Current Branch for Business : souplesse minimale

Pour offrir un minimum de souplesse aux entreprises, Microsoft a mis au point un mode (appelé Current Branch for Business ou CBB) permettant au mieux de différer une mise à jour cumulative de quatre mois et un patch spécifique de huit mois par rapport à sa diffusion publique et à son application auprès du grand public (sur ce que Redmond appelle la Current Branch). Selon l’éditeur, ce choix doit aboutir à une amélioration dans la qualité des patch, ceux-ci étant amenés à être testés sur une grande variété de plates-formes. Reste que, pour l’heure, Microsoft n’a pas encore finalisé Windows Update for Business (WUB), la suite d’outils permettant à une entreprise de gérer ses mises à jour dans la CBB. Cet utilitaire ne devrait voir le jour qu’en 2016.

Si elle dit le malaise des ‘admins’ face à la nouvelle politique de Microsoft, la pétition a toutefois peu de chance de faire bouger les lignes.

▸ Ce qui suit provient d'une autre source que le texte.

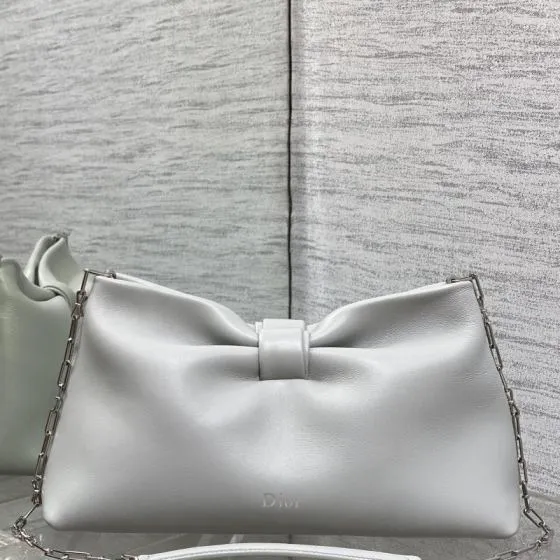 Dior Light Gray evening AAA Quality Replica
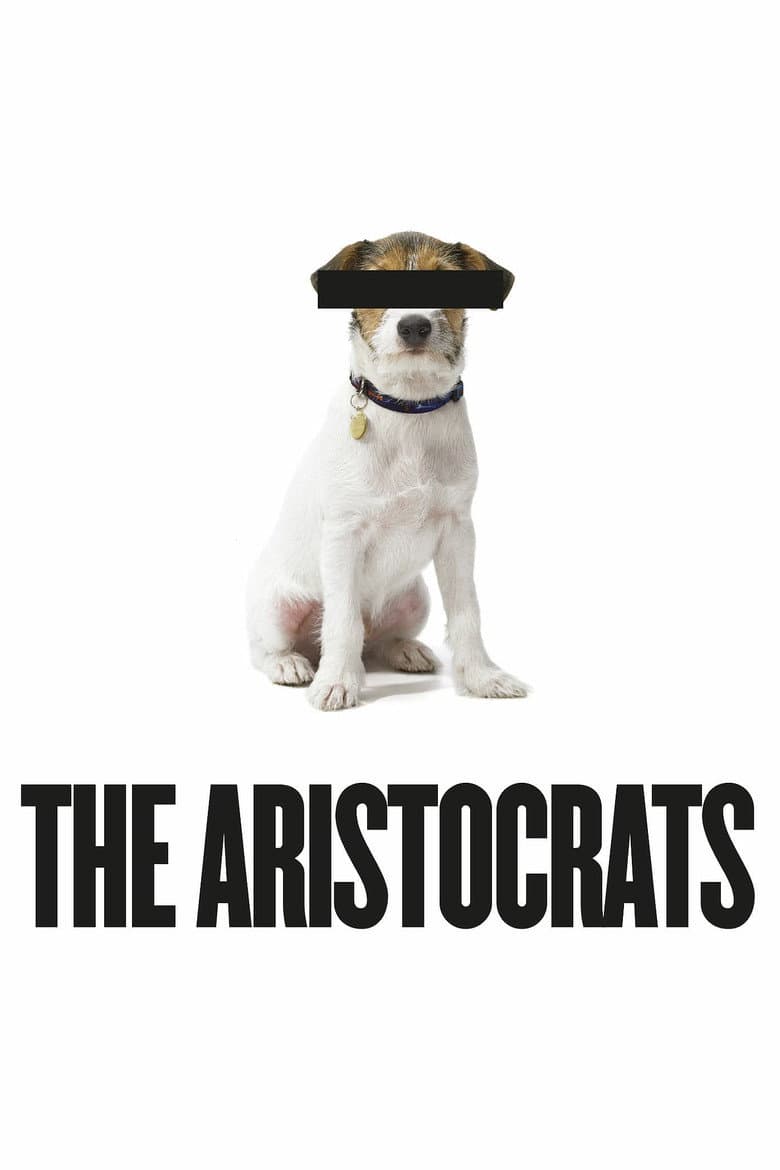 Affiche de The Aristocrats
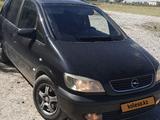 Opel Zafira 2004 годаfor3 000 000 тг. в Астана – фото 2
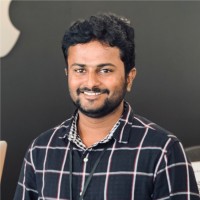 Velu Loganathan profile photo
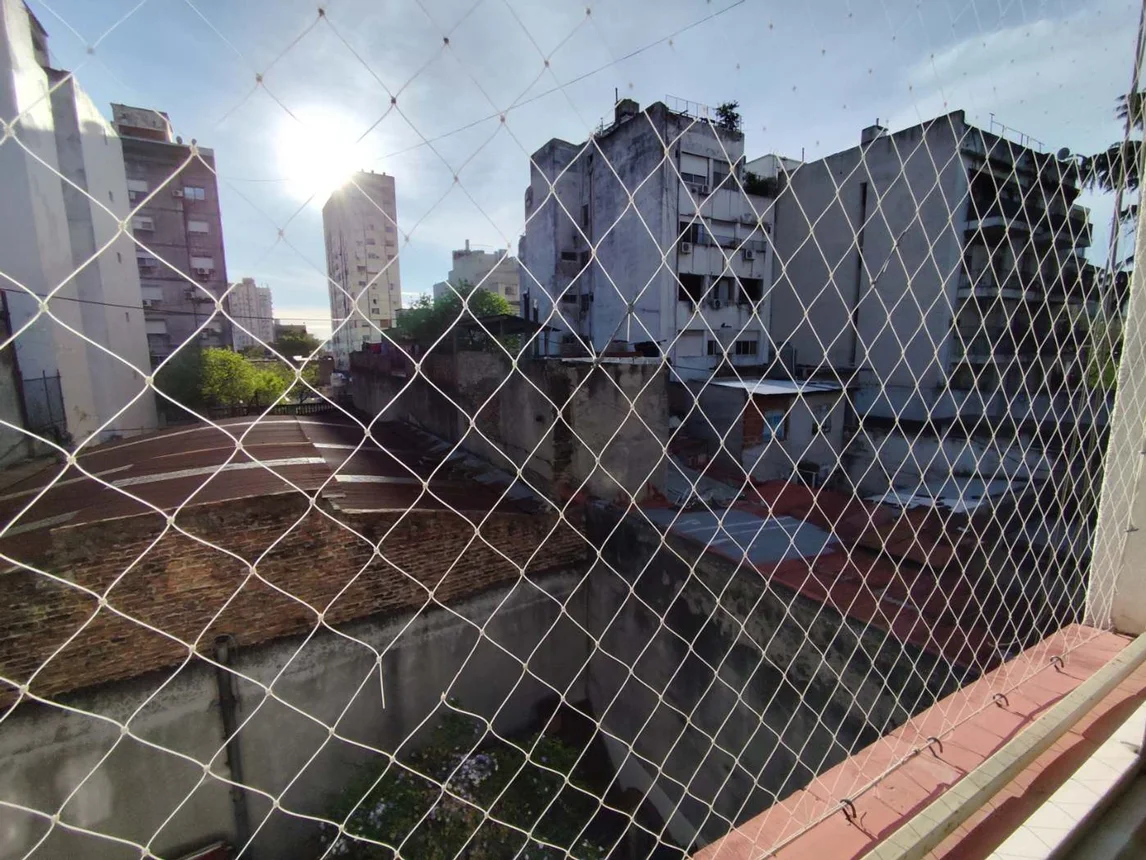 Monoambiente en alquiler en San Cristóbal, Combate de los Pozos 1300, foto 4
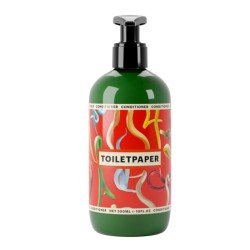 Toiletpaper Beauty...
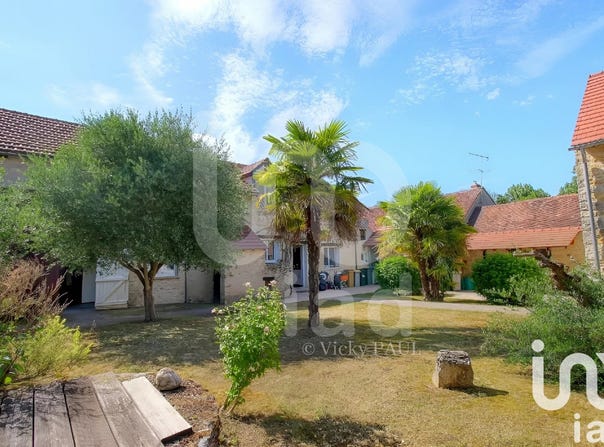 Ondreville-sur-Essonne, Centre-Val de Loire 45390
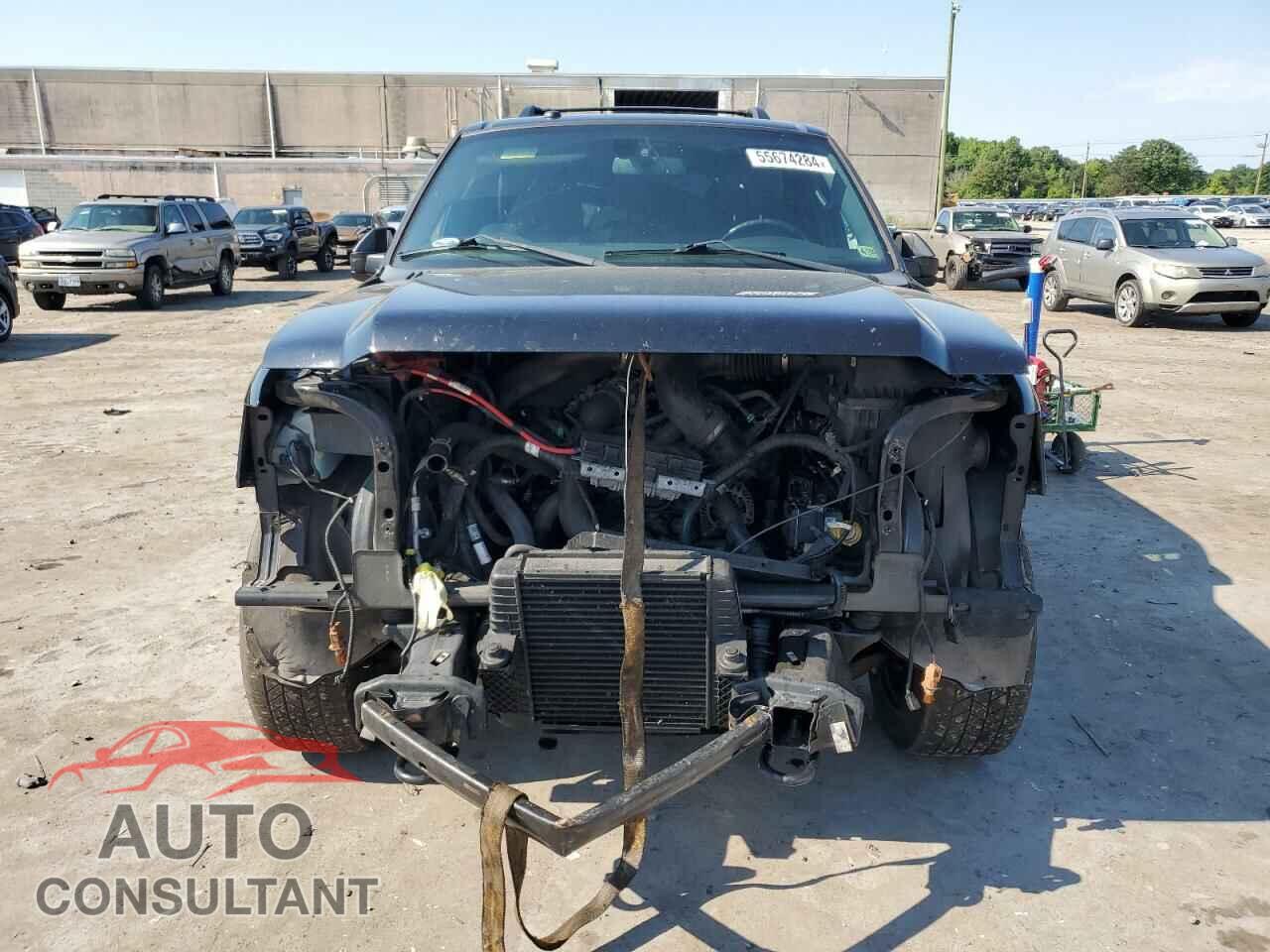 FORD EXPEDITION 2017 - 1FMJU2AT4HEA43442
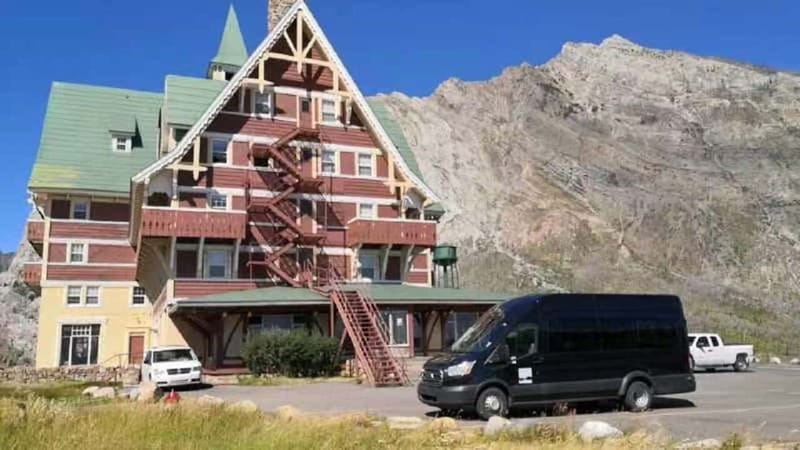 Waterton: Waterton Lakes National Park Tour from Calgary - Key points to know before you go
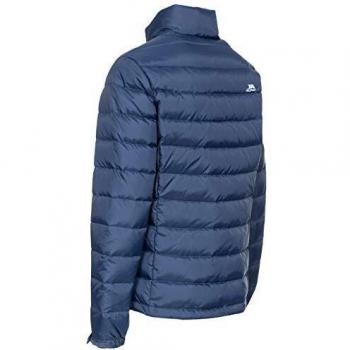 Trespass Letty - Female Down JKT - Chaqueta, Mujer, Azul -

Elle ne recueille à ce jour qu’une infime fraction des 110 millions d’utilisateurs qui auraient basculé sur Windows 10, selon les derniers chiffres communiqués par le premier éditeur mondial. Et Microsoft semble avoir réellement placé son système de mise à jour obligatoire au cœur de sa stratégie, comme en témoigne l’évolution d’Office.